#### Entries provided:
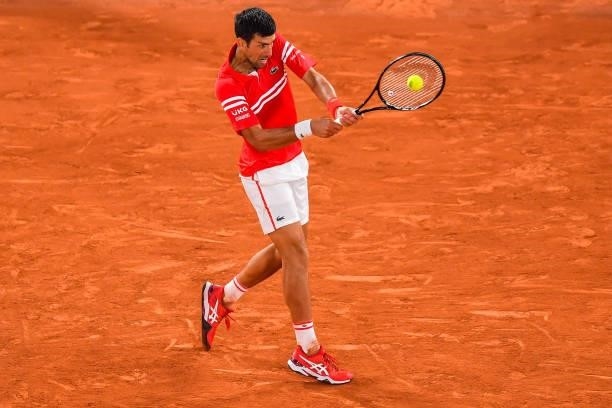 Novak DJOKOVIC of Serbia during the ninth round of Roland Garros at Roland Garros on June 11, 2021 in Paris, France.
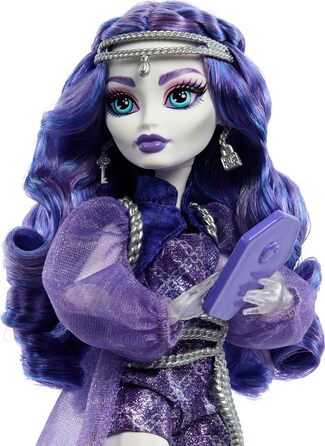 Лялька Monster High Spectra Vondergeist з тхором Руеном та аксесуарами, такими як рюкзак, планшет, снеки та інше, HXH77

* * *

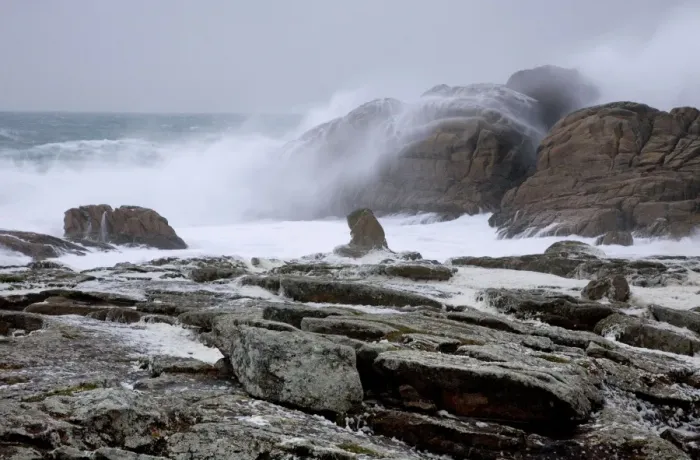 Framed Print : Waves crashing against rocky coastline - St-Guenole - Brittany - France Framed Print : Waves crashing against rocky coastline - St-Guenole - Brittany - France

...

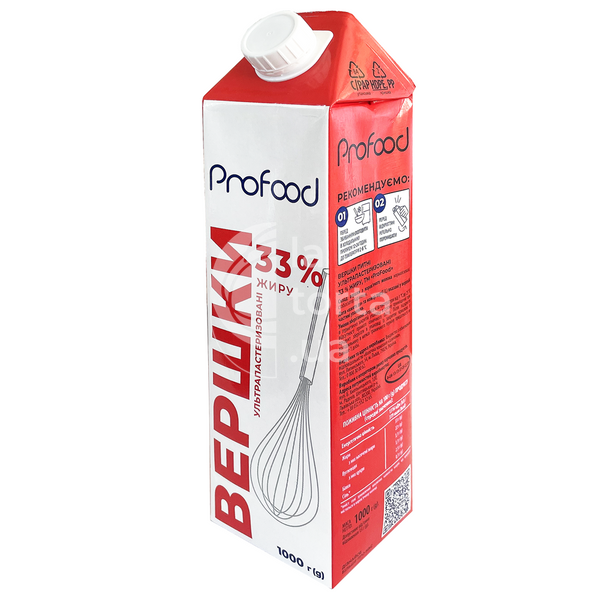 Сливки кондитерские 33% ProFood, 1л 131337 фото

#### The task:
Using the data above, output the line that has "Novak DJOKOVIC of", the line that has "Лялька Monster High", and whatever lines fall between, each exactly as it stands and without pictures.

#### Solution to this problem:
 Novak DJOKOVIC of Serbia during the ninth round of Roland Garros at Roland Garros on June 11, 2021 in Paris, France.
 Лялька Monster High Spectra Vondergeist з тхором Руеном та аксесуарами, такими як рюкзак, планшет, снеки та інше, HXH77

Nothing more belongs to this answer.